*Your assignment*. Working from the entries below, give again each line from the first through the one containing "(image pour) Perle", exactly and with nothing else.

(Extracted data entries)
►

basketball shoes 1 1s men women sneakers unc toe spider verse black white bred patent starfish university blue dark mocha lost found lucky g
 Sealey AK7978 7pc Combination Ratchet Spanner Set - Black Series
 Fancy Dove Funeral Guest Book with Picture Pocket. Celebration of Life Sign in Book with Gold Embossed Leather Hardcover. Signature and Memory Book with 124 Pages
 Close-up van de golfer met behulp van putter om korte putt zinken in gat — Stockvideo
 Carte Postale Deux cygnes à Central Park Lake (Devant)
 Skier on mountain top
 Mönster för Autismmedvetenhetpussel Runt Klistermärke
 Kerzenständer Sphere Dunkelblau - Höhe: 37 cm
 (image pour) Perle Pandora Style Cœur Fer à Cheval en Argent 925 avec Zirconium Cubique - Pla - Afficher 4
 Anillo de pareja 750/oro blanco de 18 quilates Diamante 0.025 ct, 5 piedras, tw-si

◄

*Solved exercise*.
basketball shoes 1 1s men women sneakers unc toe spider verse black white bred patent starfish university blue dark mocha lost found lucky g
 Sealey AK7978 7pc Combination Ratchet Spanner Set - Black Series
 Fancy Dove Funeral Guest Book with Picture Pocket. Celebration of Life Sign in Book with Gold Embossed Leather Hardcover. Signature and Memory Book with 124 Pages
 Close-up van de golfer met behulp van putter om korte putt zinken in gat — Stockvideo
 Carte Postale Deux cygnes à Central Park Lake (Devant)
 Skier on mountain top
 Mönster för Autismmedvetenhetpussel Runt Klistermärke
 Kerzenständer Sphere Dunkelblau - Höhe: 37 cm
 (image pour) Perle Pandora Style Cœur Fer à Cheval en Argent 925 avec Zirconium Cubique - Pla - Afficher 4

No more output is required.